TL;DR: Plan pro-actively about what thresholds of risks will trigger next steps of action, rather than trying to fix everything at once, or in a response to a catastrophe.
4. Ecosystem Restoration & Working "With Nature"
This one is dear to my heart, as it was my motivation for changing careers and going to graduate school. The idea is that for us to reduce the risks of anthropogenic climate change and potential damages to structures on our coastlines, we need to be restoring ecosystems. This typically brings myriad benefits: replacing a seawall with a wetland can provide the same flood protection while also sequestering carbon and supporting biodiversity. Plus, if done right, a wetland can be self-sustaining, instead of a concrete wall that needs replacement every 50 years.
Habitat restoration work has been going on for a while, in many different looks and flavors. There is a relatively large body of literature in river restoration—how to do it well and how not to do it well—which is something that us coastal practitioners can learn from. Coastal restoration is about as young as coastal engineering in the USA: there were sand dune and beach grass replanting efforts in the 1930s, and the Army Corps of engineers began to value beach restoration in the 1950s, as they realized beaches can protect property just as well as seawalls. The differences is that beaches are dynamic, constantly shifting as 3-dimensional landforms, and thus more difficult to quantify and "engineer" int performance versus hard, fixed structures.

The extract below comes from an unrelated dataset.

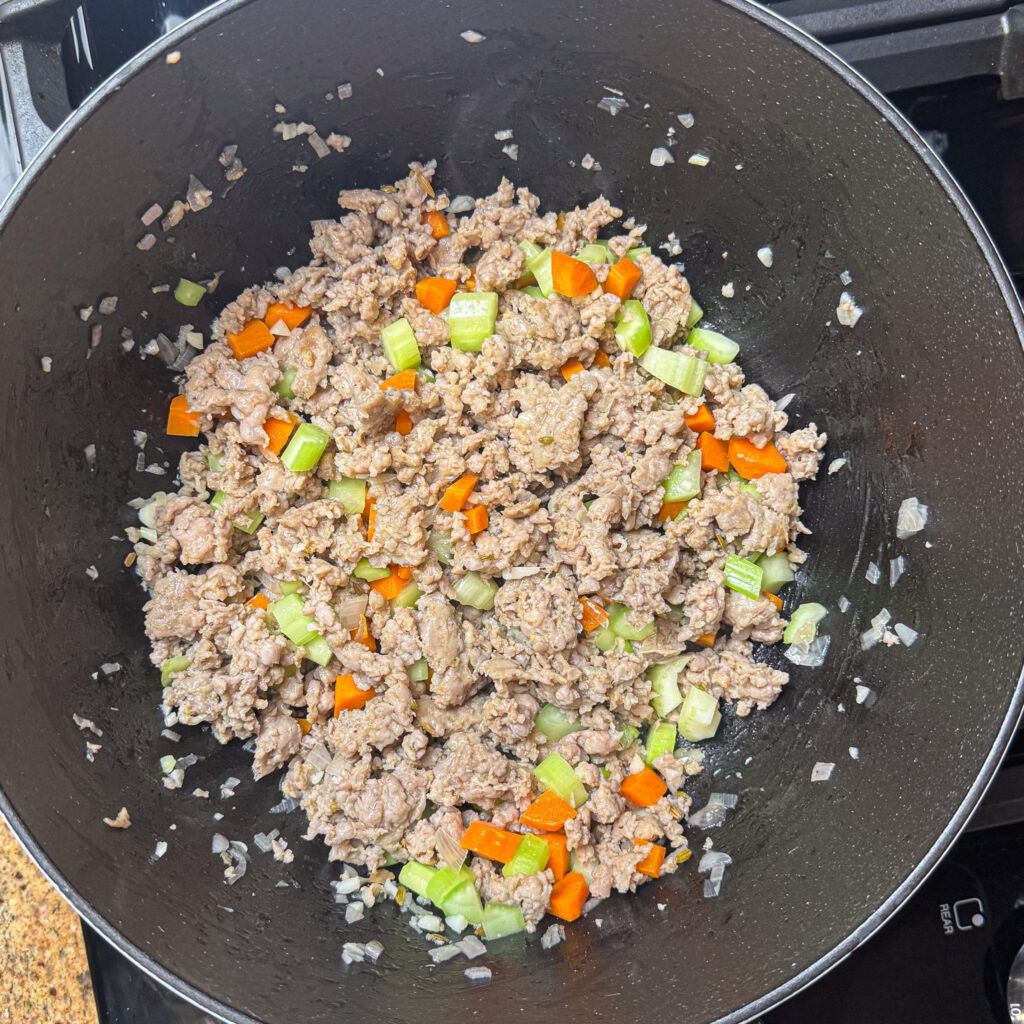 Italian sausage browning in a Dutch oven with diced shallots, the first step in making creamy Tuscan tortellini soup.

Formalizing approaches to get "green infrastructure" and constructed habitats to work in coastal engineering has been a key part of efforts like Engineering with Nature. Here, the goal is to use normal processes of habitats and ecosystems—whether natural or restored—to effectively "do" engineering work. Not all of this is coastal, but many novel projects have come from coastal work. We have realized that coastal landforms and ecosystems have evolved to preserve themselves against the forces of the ocean—so let them do the work!
One of the most famous large-scale examples is the "Sand motor" near The Hague, in the Netherlands. Instead of doing regular beach nourishment, where sand is trucked or dredged to widen a beach at great costs and logistics, the regional water board elected to do one mega-dredge and placement (which reduced costs & environmental impacts) and let the sand naturally drift up the coast by prevailing winds and currents, nourishing the beaches for decades. It seems to be mostly working, from what I can tell.
Restoration and working with nature are amazing in theory, but can be tricky in practice. Regulations are less often ready for these types of interventions, and review boards may be less tolerant of fuzzier or dynamic risks (i.e. it's easy to quantify how a jetty will protect from waves; a beach will do so more variably). Working-with-nature projects may have high up-front costs that only pay off with lower long-term maintenance regimes, but the opposite might also be true if the physical and economic conditions aren't right.

TL;DR: Nature can do a lot of work for us as coastal engineers, if we let it and make restoration a priority. Coastal engineers need to be thinking "with nature" and studying how to make this easier and less complicated.
5. Not Just Beaches
Our coastlines take many forms. Some are rocky, some are made of sand (beaches), and some are made of mud (wetlands). The rocky shorelines are actually some of the simplest as they are the least dynamic, although cliff failure is interesting. That aside, coastal engineers of the previous century have been largely fixated on beaches. It is on beaches that early coastal engineering developed, beach recreation is an enormous economic engine in many places, and beaches often fill an outsize place in our conceptual of what the "shore" is. Our understandings of how sand moves around and how sand become beaches or dunes is fairly good.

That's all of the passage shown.